## TASK REQUIREMENTS
Write out again the entries from the first line to the line that includes "Front cover_Arthritis: Causes, Effects", keeping both of those lines.

Items from a data source:
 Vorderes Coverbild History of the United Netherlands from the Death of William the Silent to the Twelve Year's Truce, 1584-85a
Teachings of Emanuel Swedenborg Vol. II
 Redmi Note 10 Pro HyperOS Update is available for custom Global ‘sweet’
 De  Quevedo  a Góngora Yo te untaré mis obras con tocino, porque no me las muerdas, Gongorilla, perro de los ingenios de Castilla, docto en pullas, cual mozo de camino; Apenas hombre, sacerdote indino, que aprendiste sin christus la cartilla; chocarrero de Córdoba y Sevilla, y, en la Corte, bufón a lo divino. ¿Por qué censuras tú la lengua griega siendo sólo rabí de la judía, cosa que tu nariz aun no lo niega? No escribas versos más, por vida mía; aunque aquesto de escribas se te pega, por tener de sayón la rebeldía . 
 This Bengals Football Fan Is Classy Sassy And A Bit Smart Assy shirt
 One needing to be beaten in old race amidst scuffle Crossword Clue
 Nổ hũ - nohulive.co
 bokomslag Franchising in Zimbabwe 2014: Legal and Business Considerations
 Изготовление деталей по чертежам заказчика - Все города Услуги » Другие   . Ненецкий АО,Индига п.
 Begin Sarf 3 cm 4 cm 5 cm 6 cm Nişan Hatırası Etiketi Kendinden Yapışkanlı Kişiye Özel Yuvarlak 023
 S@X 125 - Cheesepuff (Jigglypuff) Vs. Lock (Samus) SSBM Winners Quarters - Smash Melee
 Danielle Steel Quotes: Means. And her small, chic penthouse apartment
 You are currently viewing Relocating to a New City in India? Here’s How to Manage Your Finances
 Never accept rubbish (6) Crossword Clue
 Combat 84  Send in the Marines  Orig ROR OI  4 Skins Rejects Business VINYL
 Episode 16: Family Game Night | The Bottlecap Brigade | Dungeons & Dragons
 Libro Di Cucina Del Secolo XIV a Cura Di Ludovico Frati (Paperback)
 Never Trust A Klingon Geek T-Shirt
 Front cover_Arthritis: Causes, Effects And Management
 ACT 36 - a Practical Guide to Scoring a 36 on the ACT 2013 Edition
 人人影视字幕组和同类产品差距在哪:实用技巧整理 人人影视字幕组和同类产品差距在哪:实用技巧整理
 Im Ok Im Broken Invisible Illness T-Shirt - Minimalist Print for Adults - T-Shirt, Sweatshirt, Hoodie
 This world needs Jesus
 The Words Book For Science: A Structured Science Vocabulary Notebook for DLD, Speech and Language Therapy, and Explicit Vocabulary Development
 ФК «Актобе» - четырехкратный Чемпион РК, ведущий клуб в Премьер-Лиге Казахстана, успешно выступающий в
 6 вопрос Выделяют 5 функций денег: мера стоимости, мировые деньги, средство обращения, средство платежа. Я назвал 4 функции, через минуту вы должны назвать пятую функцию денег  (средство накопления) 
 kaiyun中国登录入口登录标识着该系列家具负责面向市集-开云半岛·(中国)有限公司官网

## WORKED SOLUTION
 Vorderes Coverbild History of the United Netherlands from the Death of William the Silent to the Twelve Year's Truce, 1584-85a
Teachings of Emanuel Swedenborg Vol. II
 Redmi Note 10 Pro HyperOS Update is available for custom Global ‘sweet’
 De  Quevedo  a Góngora Yo te untaré mis obras con tocino, porque no me las muerdas, Gongorilla, perro de los ingenios de Castilla, docto en pullas, cual mozo de camino; Apenas hombre, sacerdote indino, que aprendiste sin christus la cartilla; chocarrero de Córdoba y Sevilla, y, en la Corte, bufón a lo divino. ¿Por qué censuras tú la lengua griega siendo sólo rabí de la judía, cosa que tu nariz aun no lo niega? No escribas versos más, por vida mía; aunque aquesto de escribas se te pega, por tener de sayón la rebeldía . 
 This Bengals Football Fan Is Classy Sassy And A Bit Smart Assy shirt
 One needing to be beaten in old race amidst scuffle Crossword Clue
 Nổ hũ - nohulive.co
 bokomslag Franchising in Zimbabwe 2014: Legal and Business Considerations
 Изготовление деталей по чертежам заказчика - Все города Услуги » Другие   . Ненецкий АО,Индига п.
 Begin Sarf 3 cm 4 cm 5 cm 6 cm Nişan Hatırası Etiketi Kendinden Yapışkanlı Kişiye Özel Yuvarlak 023
 S@X 125 - Cheesepuff (Jigglypuff) Vs. Lock (Samus) SSBM Winners Quarters - Smash Melee
 Danielle Steel Quotes: Means. And her small, chic penthouse apartment
 You are currently viewing Relocating to a New City in India? Here’s How to Manage Your Finances
 Never accept rubbish (6) Crossword Clue
 Combat 84  Send in the Marines  Orig ROR OI  4 Skins Rejects Business VINYL
 Episode 16: Family Game Night | The Bottlecap Brigade | Dungeons & Dragons
 Libro Di Cucina Del Secolo XIV a Cura Di Ludovico Frati (Paperback)
 Never Trust A Klingon Geek T-Shirt
 Front cover_Arthritis: Causes, Effects And Management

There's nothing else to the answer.